++++ THE DATA
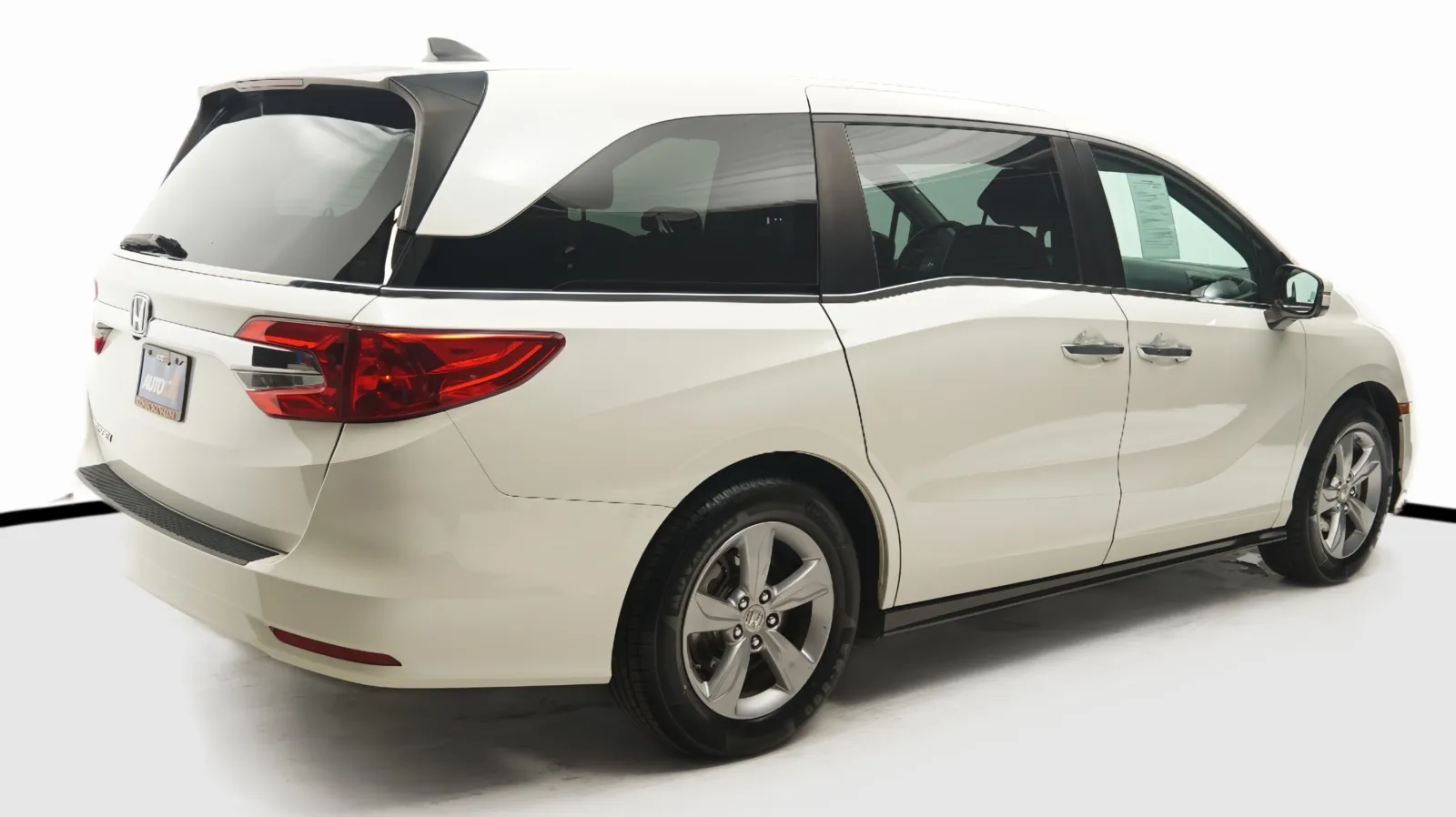 More photos of 2018 Honda Odyssey EX-L at Auto City, CA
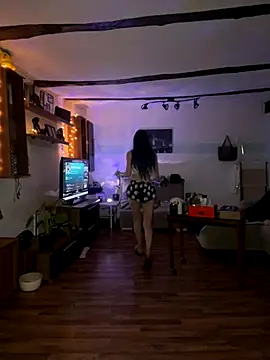 Seductively4 20 online show from 11/20/25, 03:29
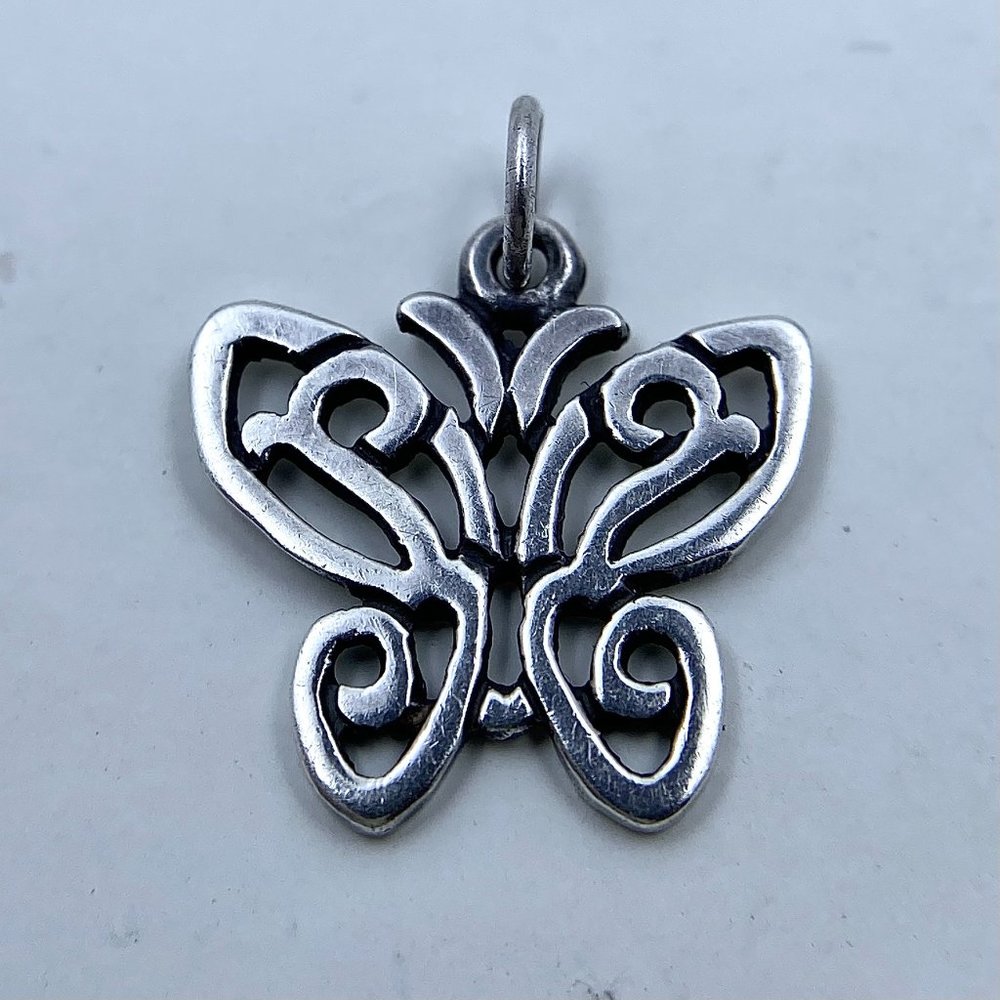 James Avery RETIRED Sterling LACE BUTTERFLY Pend - Picture 1 of 4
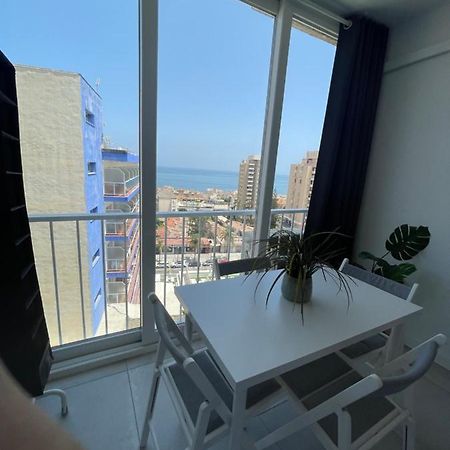 Apartamento Con Vistas Al Mar A Metros De La Playa Carihuela Soleil Appartamento Torremolinos Esterno foto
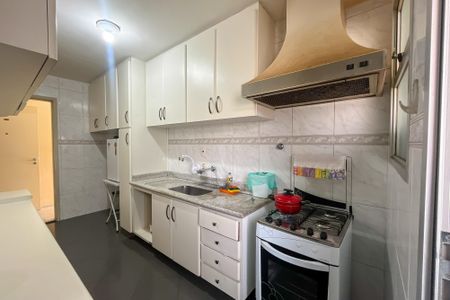 Apartamento à venda com 80m², 2 quartos e 1 vaga Apartamento à venda com 80m², 2 quartos e 1 vagaCozinha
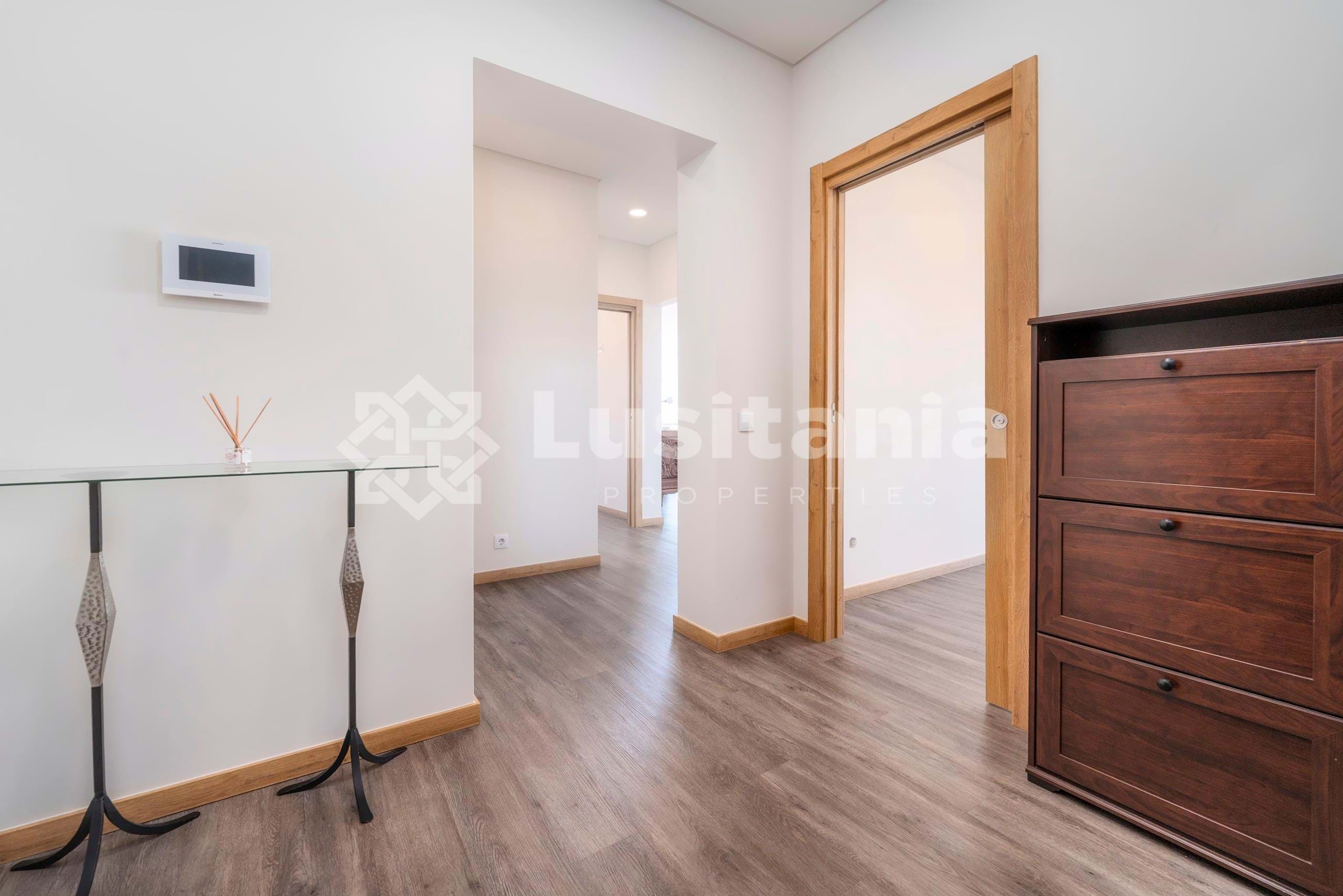 3 Bed, 2 Bath, ApartmentFor Sale, Albufeira, Faro, 8200-042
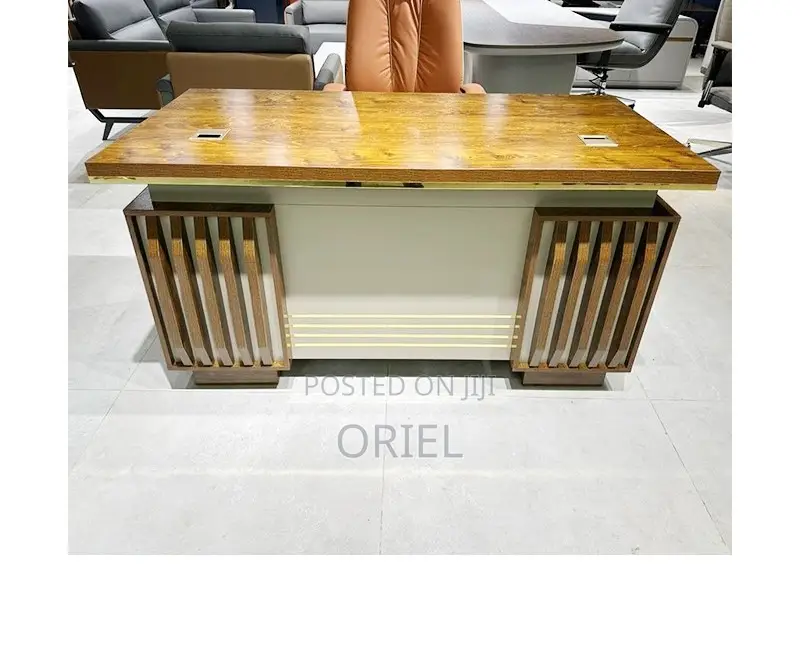 Office Desk : 1400mm Mahogany Executive Office Desk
++++++++
> EXERCISE BRIEF
Because only the text is wanted, repeat all the entries exactly and leave out the pictures.

> SOLVED EXERCISE
 More photos of 2018 Honda Odyssey EX-L at Auto City, CA
 Seductively4 20 online show from 11/20/25, 03:29
 James Avery RETIRED Sterling LACE BUTTERFLY Pend - Picture 1 of 4
 Apartamento Con Vistas Al Mar A Metros De La Playa Carihuela Soleil Appartamento Torremolinos Esterno foto
 Apartamento à venda com 80m², 2 quartos e 1 vaga Apartamento à venda com 80m², 2 quartos e 1 vagaCozinha
 3 Bed, 2 Bath, ApartmentFor Sale, Albufeira, Faro, 8200-042
 Office Desk : 1400mm Mahogany Executive Office Desk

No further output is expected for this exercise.